Thurgood Marshall, for example, had suspicious erasures in four of the six grades tested. The school had a 42 percentage-point improvement in sixth-grade math and a 41 percentage-point improvement in fourth-grade reading, according to DRC. In all, Marshall received 17 flags and had 33 students with abnormal tests.

At Ziegler, fourth-grade math scores shot up an unexpected 49 percentage points. School-level erasures were also flagged for both math and reading in fourth grade. One student's math test showed 22 erasures, and 18 were wrong-to-right answers, nearly all in a cluster of sequential questions.

And those are just the schools the district has investigated at the state's direction. The Inquirer analysis uncovered a double-digit list of schools flagged for erasures or academic gains that exceeded levels at some of the schools investigated by the district. But because they didn't meet the state cutoff of three flags in one grade, they didn't get deeper scrutiny.

That list includes:

Tilden Middle School, which had 99.9 threat scores for erasures in two grades. The Inquirer found that 36 percent of eighth-grade students had suspicious erasures. Altogether, 103 students at the school had erasure flags.

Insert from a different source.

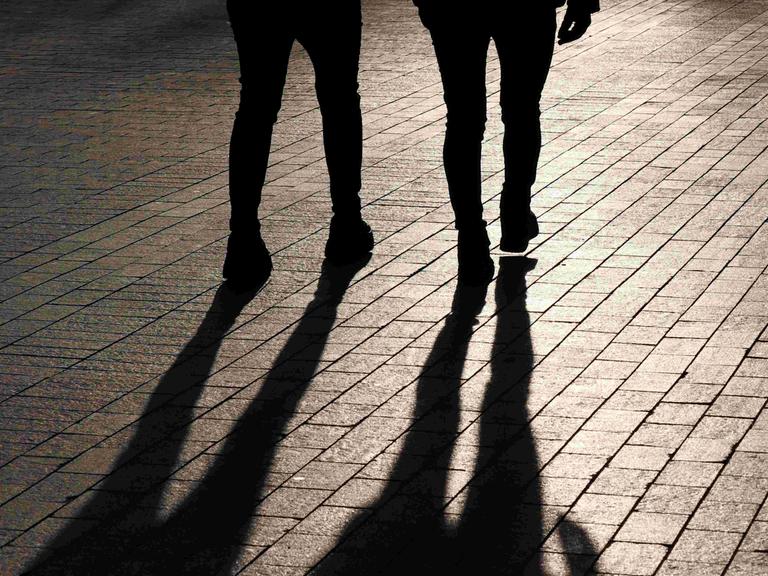 Die Beine zweier nebeneinander gehender Menschen von hinten - samt Schattenwurf.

The now-closed Barratt Middle School, where eighth-grade math erasures had a threat score of 99.9. The school's sixth-grade math and reading erasures were also flagged.

Logan Elementary, where more than a third of the students who took the fourth-grade reading test had suspicious erasures. The investigators found grade-level erasure problems in three grades. The Inquirer found that the number of fourth-grade students who passed reading grew from 36 percent in 2005-06 to 88 percent in 2008-09.

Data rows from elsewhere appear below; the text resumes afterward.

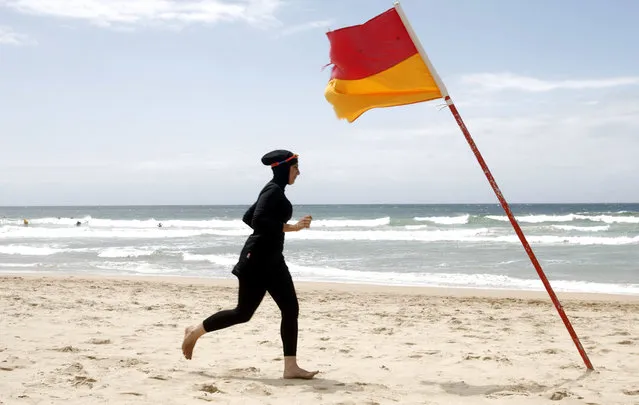 Twenty-year-old trainee volunteer surf life saver Mecca Laalaa runs along North Cronulla Beach in Sydney during her Bronze medallion competency test January 13, 2007. Specifically designed for Muslim women, Laalaa's body-covering swimming costume has been named the “burkini” by its Sydney based designer Aheda Zanetti. (Photo by Tim Wimborne/Reuters)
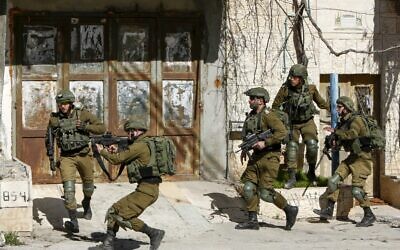 Illustrative: Israeli soldiers clash with Palestinians during a manhunt for a Palestinian man who rammed his car into IDF troops earlier in the day, in Bethlehem on February 6, 2020. (Musa Al Shaer/AFP)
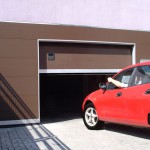 Автоматические секционные гаражные ворота Alutech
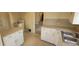 Spacious kitchen boasts a cooktop, double sink, and ample cabinet space at 9120 Elm Ct, Denver, CO 80260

Forrest Elementary, which was flagged eight times and had suspicious erasures for both subjects in each grade. In all, 12 percent of the students had abnormal tests. Among 19 students flagged in third grade, The Inquirer found 299 questions were erased and 287 were wrong-to-right fixes. One busy sixth grader erased 43 math and reading questions.

Anna B. Day Elementary, which had erasure issues in three grades. In all, 28 students had suspicious erasures. A dozen were fourth graders flagged in reading. Most of their erasures were corrections. No flagged student made more than one right-to-wrong erasure.

Samuel B. Huey Elementary, which had 10 flags for grade-level erasures. Huey's fifth-grade reading scores rose an acceptable 25.4 percentage points, according to DRC. But grade-level erasures on fifth-grade reading tests were approaching 1 in 1 trillion odds of happening naturally. In all, 27 percent of fifth-grade students had suspicious math or reading tests.

John B. Kelly Elementary, which had grade-level erasure concerns in two grades, plus several other abnormal test outcomes. In third grade, 17 students were flagged for erasures, most in reading. One third grader made 18 wrong-to-right erasures on the math test, while another student had a combined 19 erasures in math and reading - each one wrong to right.

Emlen Elementary, which was given erasure flags for both subjects in each grade. Of 28 students at the school with suspicious erasures, half were in sixth grade, and most erasures involved the reading test. DRC considered the 20.3 percent improvement on the sixth-grade reading test to be acceptable, but flagged the erasures as having a more than 1 in 100,000 chance of occurring naturally.

Communications Technology High, which was flagged for erasures in both math and reading. Of the students tested, 41 percent were marked for excessive erasures. Nearly all the students were flagged in both subjects.